(Short text fragments from websites)

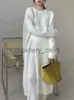 Chandails pour femmes Pull surdimensionné Pull Long Pull Femmes Robe Nouvelle Mode Coréenne À Manches Longues Top Side Slit O Cou Automne Robe Pull J230921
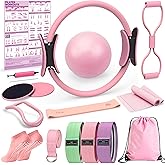 LarFaFa Pilates Kit for Home Workouts, Pilates Equipment Ring and Ball Set, Pilates Essentials Kit for Women, Home Pilates Workout Kit, Pilates Set, Pilates Starter Kit for Women at Gym Studio Travel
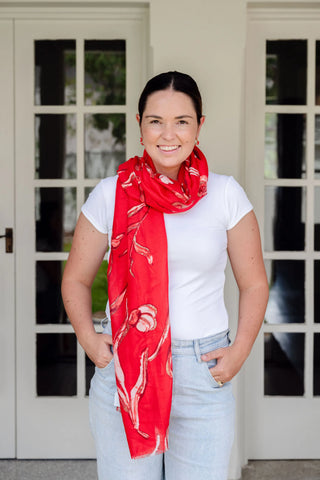 tulip pattern scarf, autumn scarf, winter scarf, floral scarf, red scarf, feminine scarf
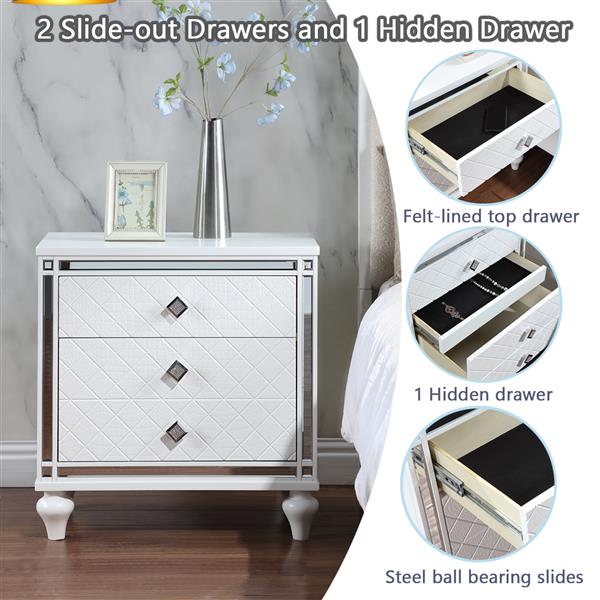 Contemporary Nightstands with mirror frame accents, Bedside Table with two drawers and one hidden drawer, End Table with Crystal Pull for Living Room,Bedroom, White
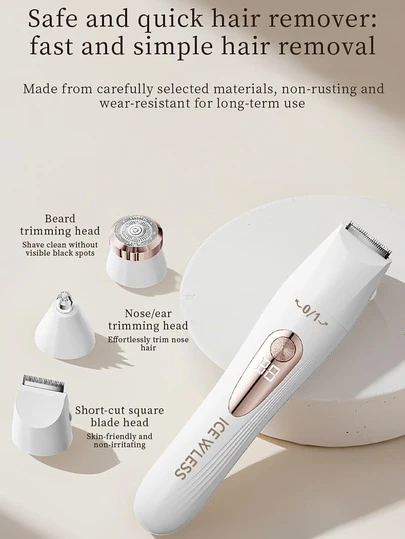 3-In-1 Multipurpose Electric Grooming Kit - Women's Beauty Shaver, Underarm Trimmer, Electric Nose Hair Trimmer, Interchangeable Heads For Wet/Dry Use On Bikini Area, Eyebrows, Nose, Face, Legs, Underarms, Portable Cordless Design With Battery Level Indicator, Great Gift For Women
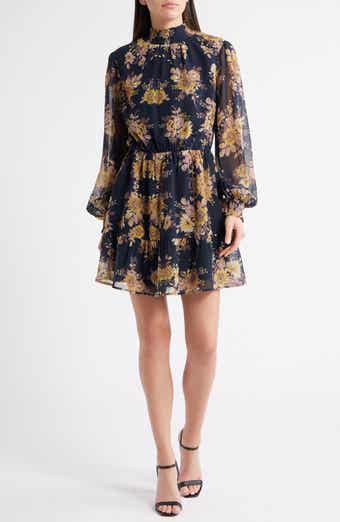 Lost + Wander Water Lily Floral Mock Neck Long Sleeve Dress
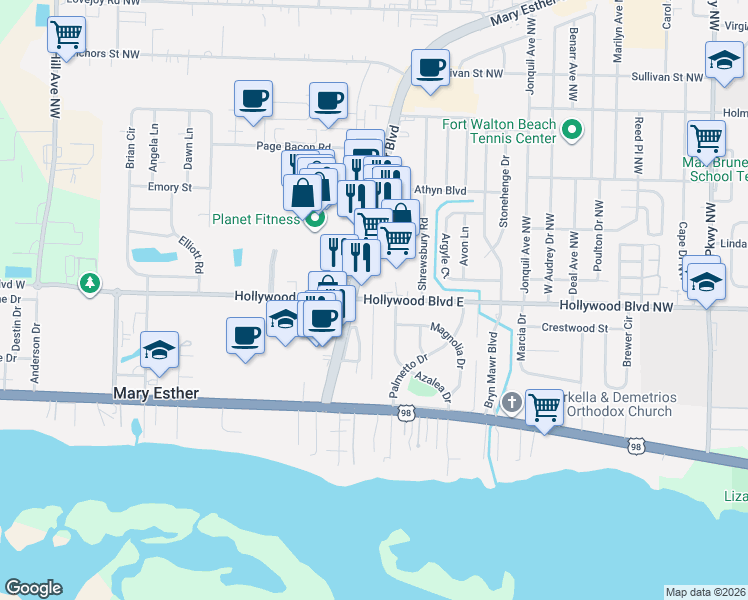map of restaurants, bars, coffee shops, grocery stores, and more near 425 Hollywood Boulevard East in Mary Esther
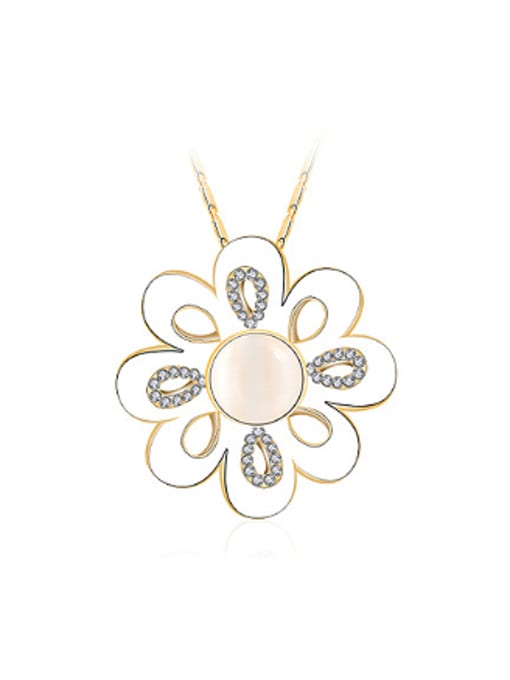 Ronaldo Creative Flower shaped Opal Stone Necklace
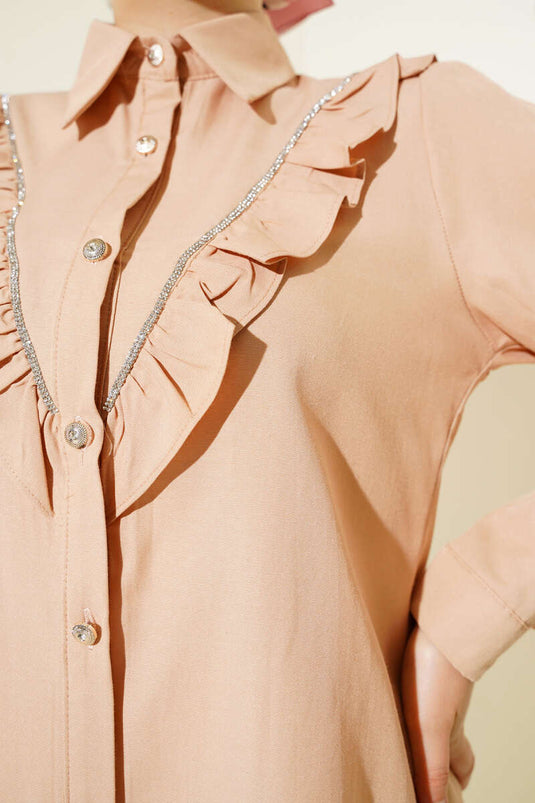 Front Ruffle Stone Stripe Transitional Buttoned Shirt Camel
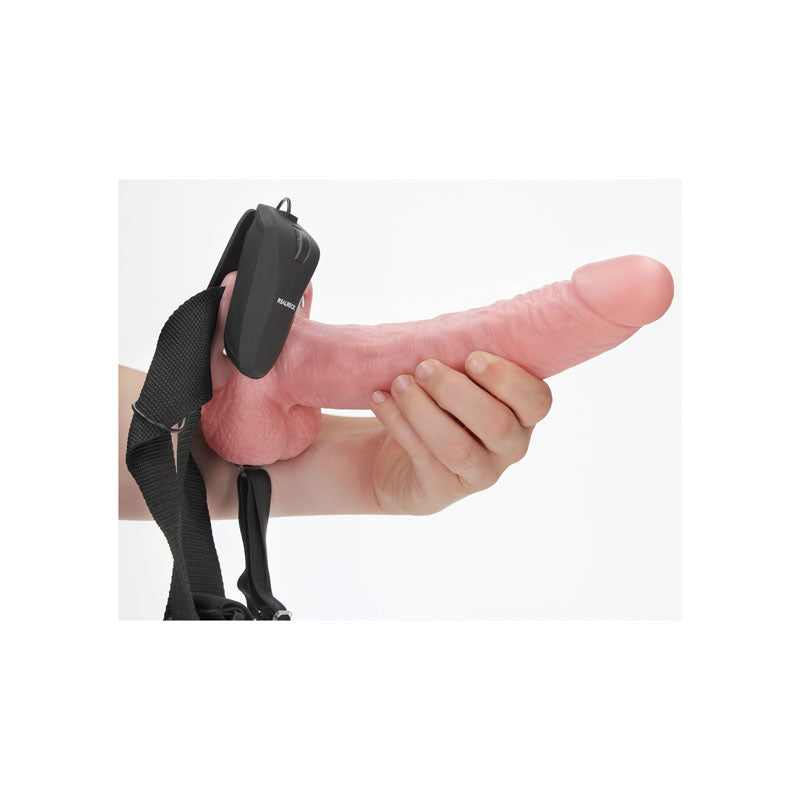 REALROCK Vibrating Hollow Strapon + Balls - 23cm  -  23 cm Vibrating Hollow Strap-On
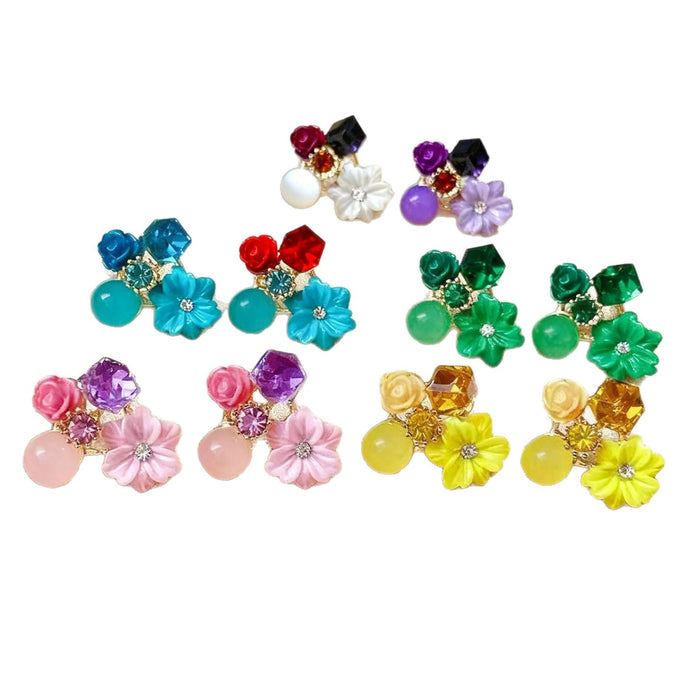 Wholesale Stylish Purple Crystal Flower Earrings Alloy Electroplated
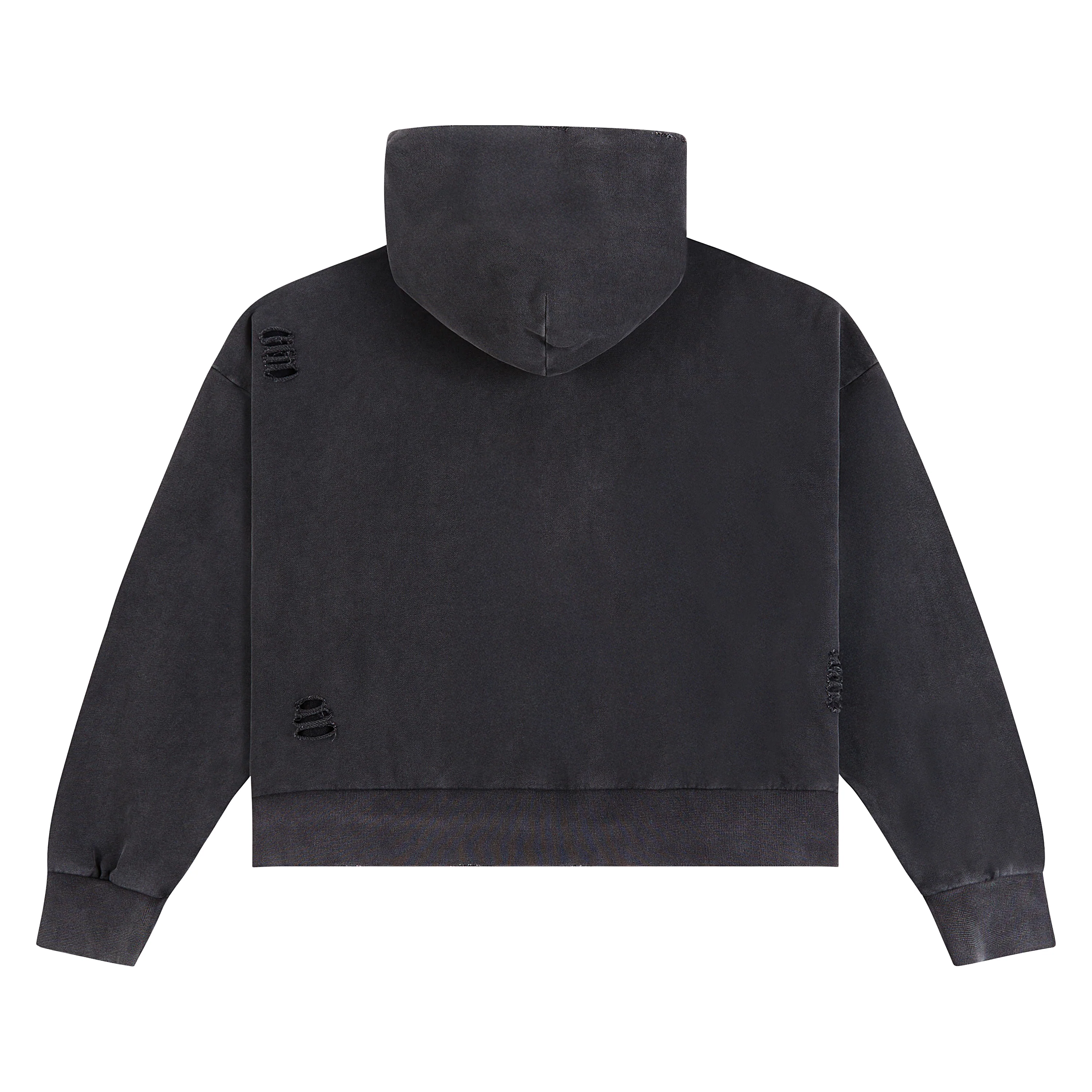 Distressed Script Zip Up Hoodie | Black - Image 5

Problem
Find the line that contains "Wholesale Stylish Purple". Reproduce it and every later line of the records exactly, minus the pictures.

Output of the task
 Wholesale Stylish Purple Crystal Flower Earrings Alloy Electroplated
 Distressed Script Zip Up Hoodie | Black - Image 5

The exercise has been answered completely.